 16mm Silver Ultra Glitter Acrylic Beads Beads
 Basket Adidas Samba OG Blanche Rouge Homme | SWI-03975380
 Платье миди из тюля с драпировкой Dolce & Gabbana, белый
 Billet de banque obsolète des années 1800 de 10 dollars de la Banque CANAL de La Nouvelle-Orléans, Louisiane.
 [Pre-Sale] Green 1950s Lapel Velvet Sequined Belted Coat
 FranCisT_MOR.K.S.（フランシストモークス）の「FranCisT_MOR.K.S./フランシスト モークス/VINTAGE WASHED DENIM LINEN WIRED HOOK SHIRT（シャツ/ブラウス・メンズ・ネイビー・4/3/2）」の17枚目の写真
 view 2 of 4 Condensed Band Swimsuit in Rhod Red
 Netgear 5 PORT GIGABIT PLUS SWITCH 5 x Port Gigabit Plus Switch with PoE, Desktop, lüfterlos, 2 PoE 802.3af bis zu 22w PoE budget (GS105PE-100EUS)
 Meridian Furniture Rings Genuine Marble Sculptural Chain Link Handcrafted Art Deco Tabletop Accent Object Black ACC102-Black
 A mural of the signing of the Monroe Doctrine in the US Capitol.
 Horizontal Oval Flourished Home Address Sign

---

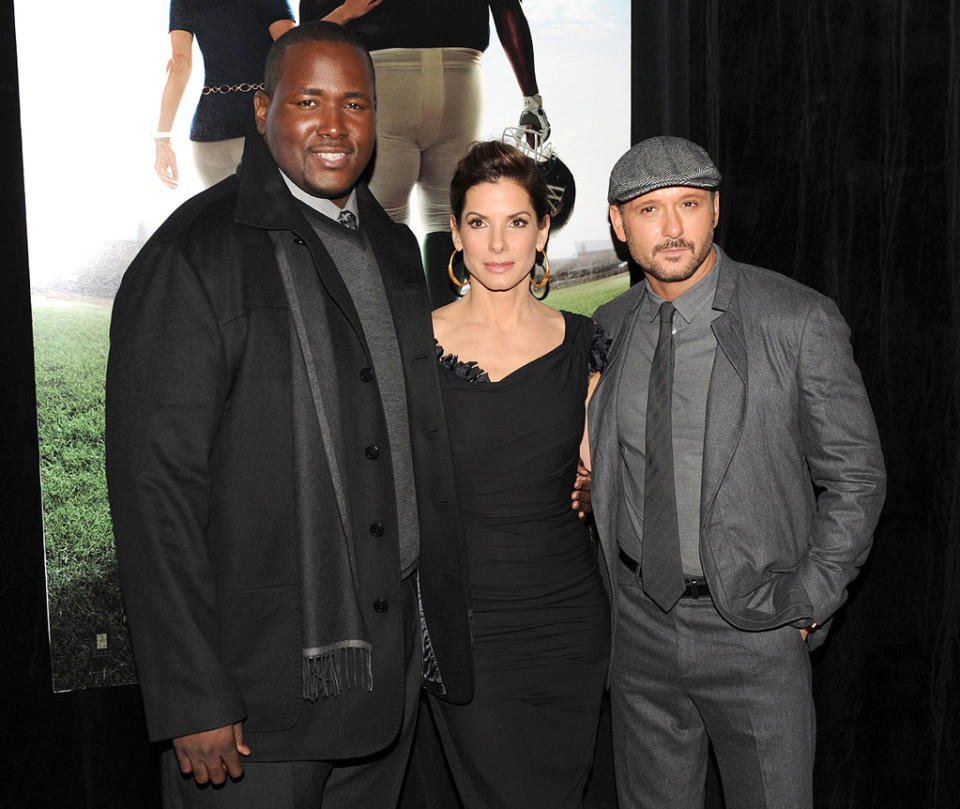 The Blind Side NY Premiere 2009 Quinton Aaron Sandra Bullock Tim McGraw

**What the exercise asks**
Scan the lines above for "Basket Adidas Samba" and for "Billet de banque". Repeat exactly the line holding each of them and every line in between.

**Answer to this problem**
 Basket Adidas Samba OG Blanche Rouge Homme | SWI-03975380
 Платье миди из тюля с драпировкой Dolce & Gabbana, белый
 Billet de banque obsolète des années 1800 de 10 dollars de la Banque CANAL de La Nouvelle-Orléans, Louisiane.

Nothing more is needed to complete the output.